Hi, I have two tensors tensor1 and tensor2, with shape (16, 768, 64, 64) and I want to stack them such that I have a tensor output with shape (16,2,768,64,64), BUT I also want the channel dimension 768 to be an alternating zip of tensor1 and tensor2.
tensor1[:, 0, :, :] and tensor2[:, 0, :, :] are stacked together as a (16, 2, 64, 64) tensor and so on and then we stack that list of stacked tensors again…
I don’t think there is a way to do this with torch.cat? So I wrote this little func that should do it for me

def zip_and_stack_tensors(tensor1, tensor2):
num_of_channels = len(tensor1[0, :, 0, 0])
imagelist = []
for i in range(0, num_of_channels):
tensorimage = torch.stack((tensor1[:, i, :, :], tensor2[:, i, :, :]), dim=1)
imagelist.append(tensorimage)
output = torch.stack(imagelist, dim=2)
return output

However, the backwardpass now takes about x8 times longer if I call this function; the forwardpass time does not change considerably. I guess because currently torch.stack gets called 768 + 1 times?
Is there a way to prevent this/write my function more efficient?

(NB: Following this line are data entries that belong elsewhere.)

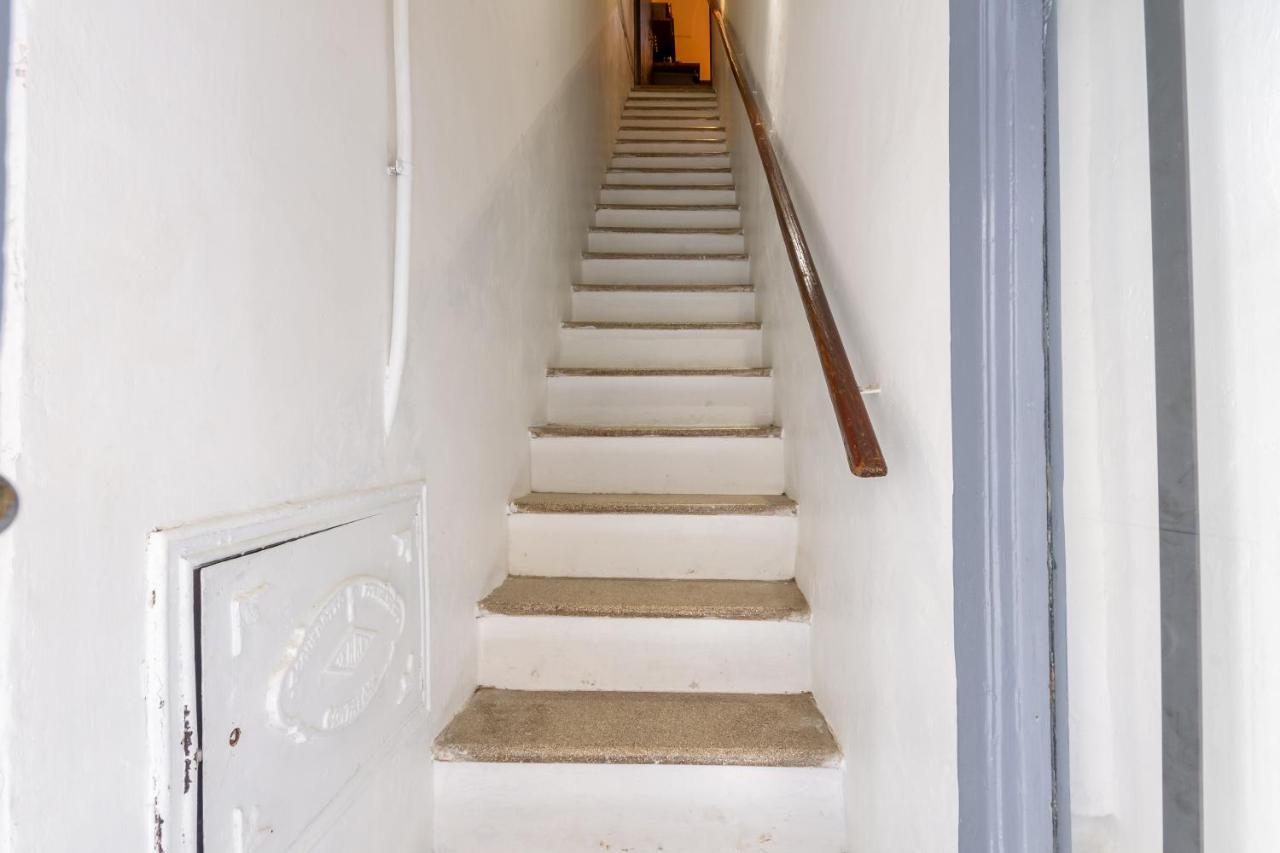 Apartamento Lecce Center Charming Flat With Terrace Exterior foto
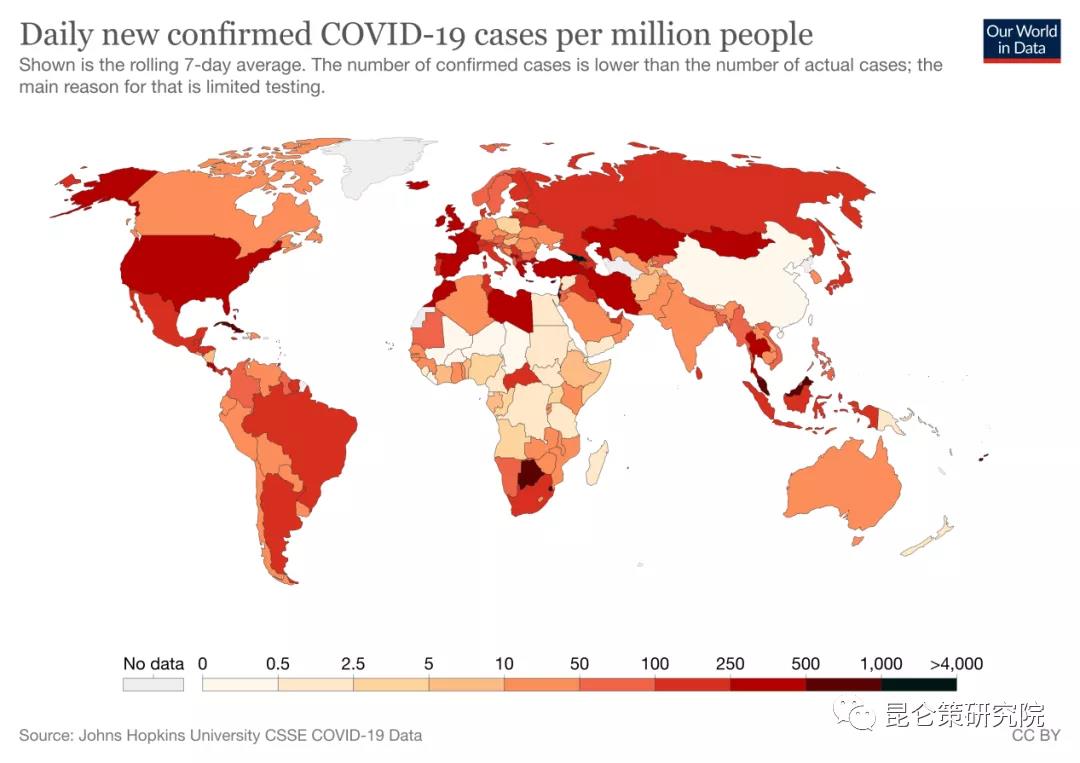 当前必须反对“与病毒和谐共存”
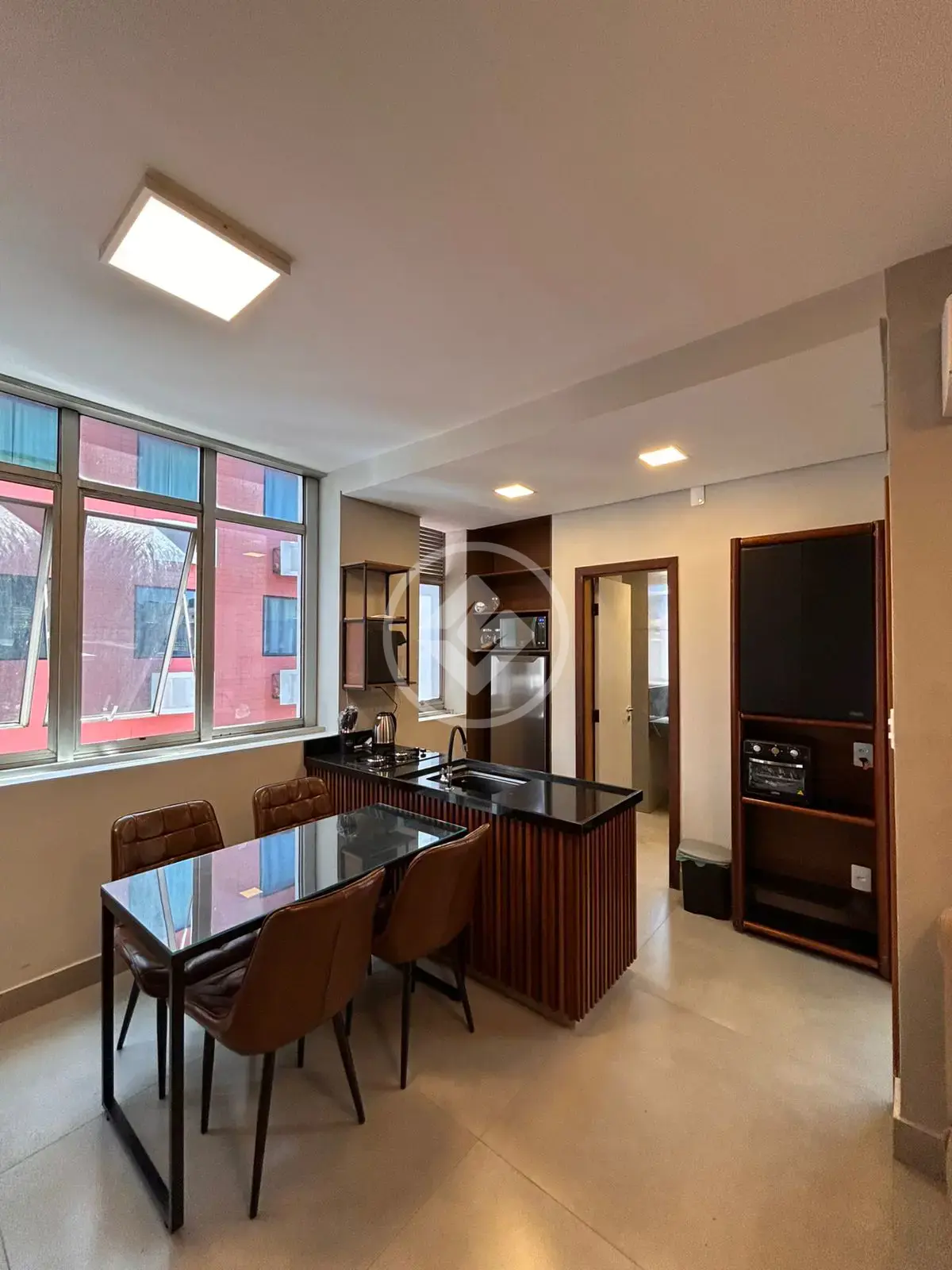 Imagem 1 - Apartamento em Savassi, Belo Horizonte - MG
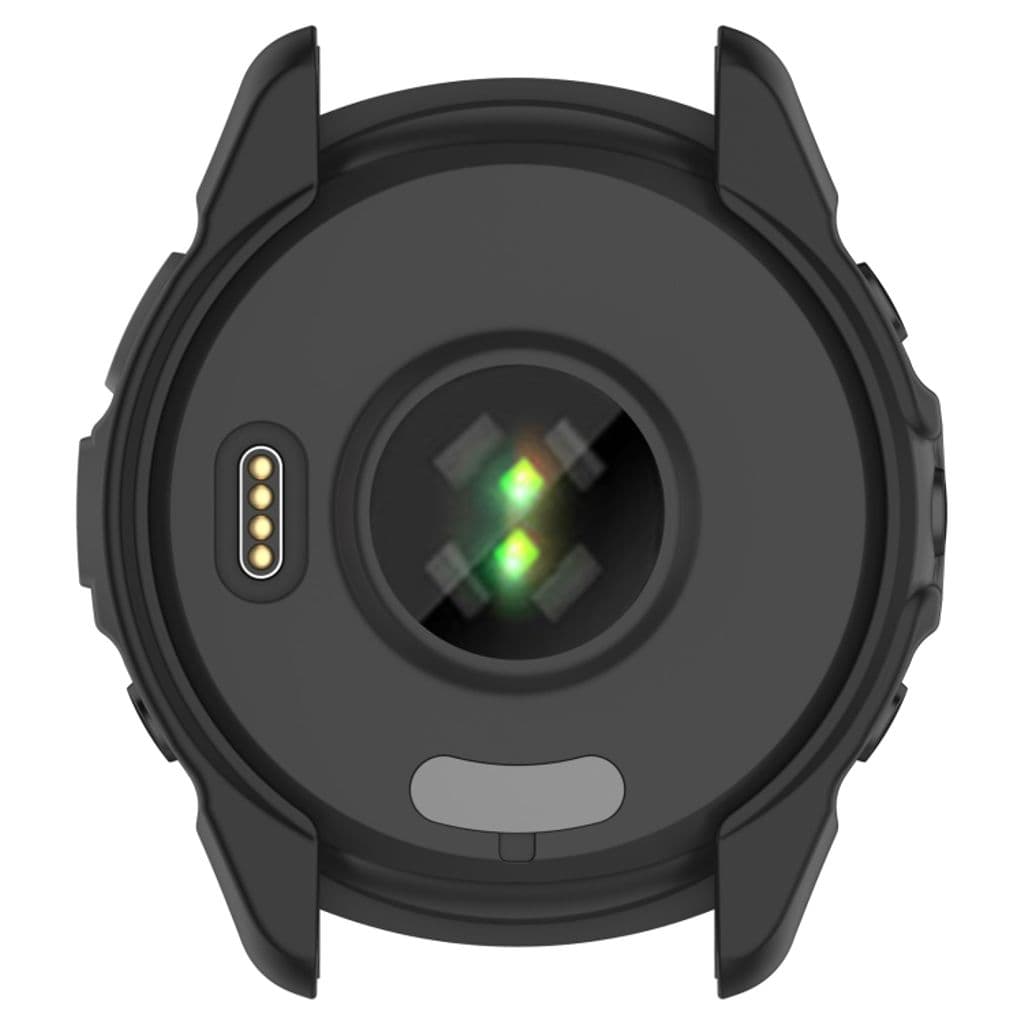 Garmin Forerunner 265S Skal till Smartklocka i Plast - Svart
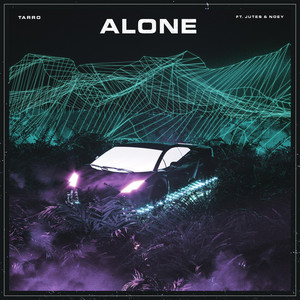 Écouter "Alone" de Jutes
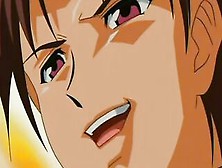 Hentaixxx - Science Teacher gets Caught and Gangbanged by Students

I’m not sure to understand what you’re trying to do here. You can get the same result as your zip_and_stack_tensors() using a single torch.stack(). Am I missing something?

import torch
from torch import nn, optim
def zip_and_stack_tensors(tensor1, tensor2):
num_of_channels = len(tensor1[0, :, 0, 0])
imagelist = []
for i in range(0, num_of_channels):
tensorimage = torch.stack((tensor1[:, i, :, :], tensor2[:, i, :, :]), dim=1)
imagelist.append(tensorimage)
output = torch.stack(imagelist, dim=2)
return output
t1 = torch.rand(16, 768, 64, 64)
t2 = torch.rand(16, 768, 64, 64)
out = zip_and_stack_tensors(t1, t2)
out_opt = torch.stack([t1, t2], 1)
print(out.size() == out_opt.size())
print((out - out_opt).abs().max())

Yes, the shape is the same in both cases, but the order of the depth layer is different as only using stack does not zip the tensors alternatingly:
Lets say I have
t1 = torch.135(16, 3, 64, 64), where:
t1[:, 0, :, :] = all 1s
t1[:, 1, :, :] = all 3s
t1[:, 2, :, :] = all 5s
and
t2 = torch.246(16, 3, 64, 64), where:
t2[:, 0, :, :] = all 2s
t2[:, 1, :, :] = all 4s
t2[:, 2, :, :] = all 6s

my function creates a tensor t3 where the depth is in the order 1,2,3,4,5,6, whereas only using stack creates a tensor t3 where the depth is in the order 1,3,5,2,4,6 or not?

In the code sample, I print the difference: print((out - out_opt).abs().max()) and it gives 0 for me. So the stack does the same thing as the function you shared.
Is the function you shared doing what you want?

You’re absolutely right. I just had a massive error in my conception of how the dim parameter works in torch.stack.
But yeah, this makes total sense now
Thanks for the help!